Spojrzałam na niego trochę zdziwiona, ale jednak uśmiechnęłam się podstępnie, wpatrując się w niego.
-Wiem, ale nie mogę uwierzyć, że nie pamiętasz-odpowiedziała spokojnie
Odsunęłam się od Alec'a i oparłam o ścianę patrząc na niego jak myśli. Wysilał się przez parę minut by tylko przypomnieć sobie parę imion.
-Alec, dość -odpowiedziałam rozbawiona
-Ale, ja opiekowałem się dziećmi. Na prawdę -dodał szybko, zakłopotany
-Wiem!-zaśmiałam się- Ben mi mówił, że kochasz dzieci i inne tam. A przecież on by mnie nie okłamał.
-Zaraz Ben Ci coś o mnie mówił?-zapytał zdziwiony
Skinęłam głową i przyjrzałam się mu uważnie. Jego mina mówiła sama za siebie. Boli go to, że lepiej dogaduję się z Ben'em. Huh. Alec jest zazdrosny?! Czyżby to była prawda? Nie. Nie mogę w to uwierzyć, chociaż jest to bardzo prawdopodobne.

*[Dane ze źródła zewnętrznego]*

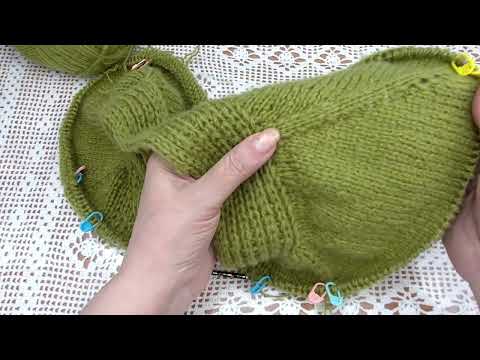 Видео: ДЕНЬ РОСПУСКА И ПЕРЕВЯЗОВ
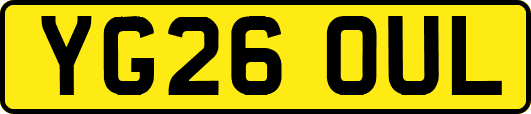 YG26OUL
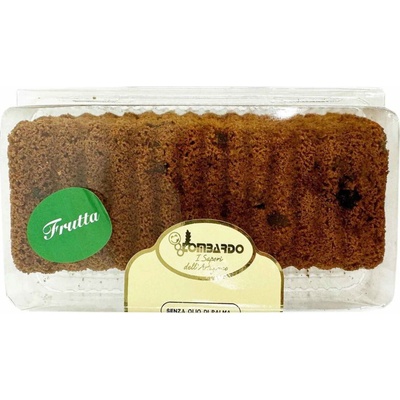 Lombardo ovocný koláč s jahodami 300 g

-No tak faktycznie on akurat by cię nie okłamał-przyznał trochę przybity.
Alec, Alec. Nie mogę uwierzyć, że jesteś zazdrosny o Ben'a. Nigdy by do czegoś takiego nie doszło, gdyby nie twoje wybryki i "genialne" pomysły! Odetchnęłam głęboko i spojrzałam na niego z uśmiechem pod nosem.
-Humor Ci się zepsuł jak widać -odpowiedziałam udając zaciekawioną
Kurcze już tyle widziałam jego reakcji na słowo "Ben", a raczej na imię, że już wiem czemu tak się zachowuje. Pokręciłam przecząco głową i przyjrzałam mu się.
-Za dużo się stresujesz. Nie możesz się przemęczać to raz. Bo może Ci wysiąść serce. Do końca się jeszcze nie zregenerowałeś i dobrze o tym wiesz. Więc Alec , wiesz o co mi chodzi. Nie zadręczaj się tak tym wszystkim. -powiedziałam- A przede wszystkim mną. Przecież umiem o siebie zadbać prawda?
Przyjrzałam mu się i przechyliłam delikatnie głową , patrząc na jego reakcję.